UCL MAPS and Engineering will initially be in the forefront but Professor Parkin said other faculties and departments across UCL could benefit from being involved, from Economics to the Bartlett with its expertise in energy management.

The £65m includes the cost of setting up the institute, funding PhD students and research money to be distributed to bidding universities. It is part of a £246m government investment over four years under the Faraday Challenge, a key element in the Industrial strategy challenge. Beyond the initial four years, it is expected that a significant amount of research funding will continue to be invested by the government in this area.

The Institute will be headed by Professor Peter Littlewood, who ran one of the world's most successful battery research centres at Argonne Labs in the US and put together the US's equivalent institute, the Joint Centre for Energy Storage Research (JCESR).

Its aims will be three-fold in providing leadership in:

·         Engaging industry to boost its links with research from boardroom to shop floor, to ensure research is smoothly translated into innovation and manufacture and to capture intellectual property in batteries.

·         Shaping and developing a strategy for research and bringing together researchers while balancing collaboration and competition with international groups.

·         Boosting training and mentoring to foster the next generation of research leaders.

The Institute will allocate funds to a series of research challenge projects on a rolling basis. The first four projects will aim to extend battery life, design better battery systems through modelling, invent batteries for industry to allow longer driving ranges and improve recycling and re-use of batteries.

It will also develop training schemes for all levels from PhD students and apprentices to professional development programmes for industry.

Professor Brett said: "The Faraday Institute will be developing lithium batteries but also looking at the next generation in the next 10 to 15 years. It's about using different engineering practices to improve capacity and the safety and to lower the cost."

He described the alignment between the Faraday Battery Institute and the Advanced Propulsion Lab planned on the new UCL East campus as sublime, providing the university with a chance to play a key role in developing the next generation.

Professor Darr, who played a key role in developing the intellectual property and governance framework for the new institute, said that the various investments from government are designed to provide a framework from which we can take discoveries or knowledge from basic research and translate it up the technology readiness levels (TRLs) so that we can obtain the maximum value for the UK and for industry and the universities.
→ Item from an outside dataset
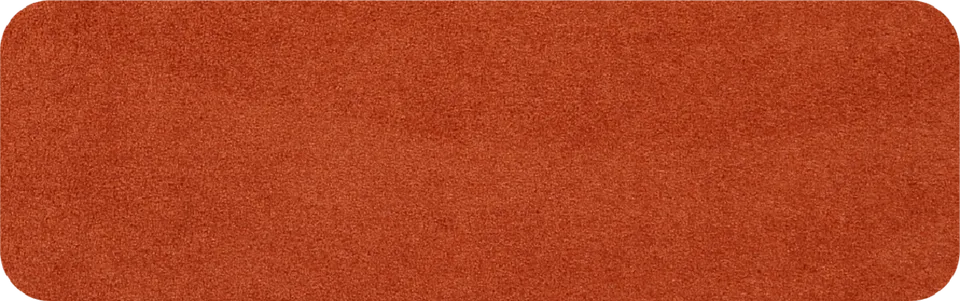 salonloewe-cayenne-halb-rund-30-x-100-cm-halbrunde-waschbare-fu-matte-in-terrako image 1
"There's going to be a huge effort the first four fast-start projects, followed by other regular research challenge projects that span a breadth of topics to build a research base on batteries for the UK to build from," he said.

Dr Shearing, who helped to coordinate the training strategy for the institute, said: "To develop a world leading battery industry in the UK will require significant numbers of new scientists and engineers. To address the skills shortage, the Institute will train the next generation of scientific leaders and champion the development of a battery national curriculum."

The Institute will be managed as a non-profit organization with an independent board of trustees. UCL Business (UCLB) and UCL Innovation and Enterprise as well as back office staff were also involved in helping set up the institute.

Michael Faraday (1791 - 1867) was an English scientist who gave us the terms anode and cathode. He was born in London where he remained for his whole career, conducting ground breaking work at The Royal Institution. He used batteries in experiments that led to the dynamo and electric motor, the very basis for electric vehicles.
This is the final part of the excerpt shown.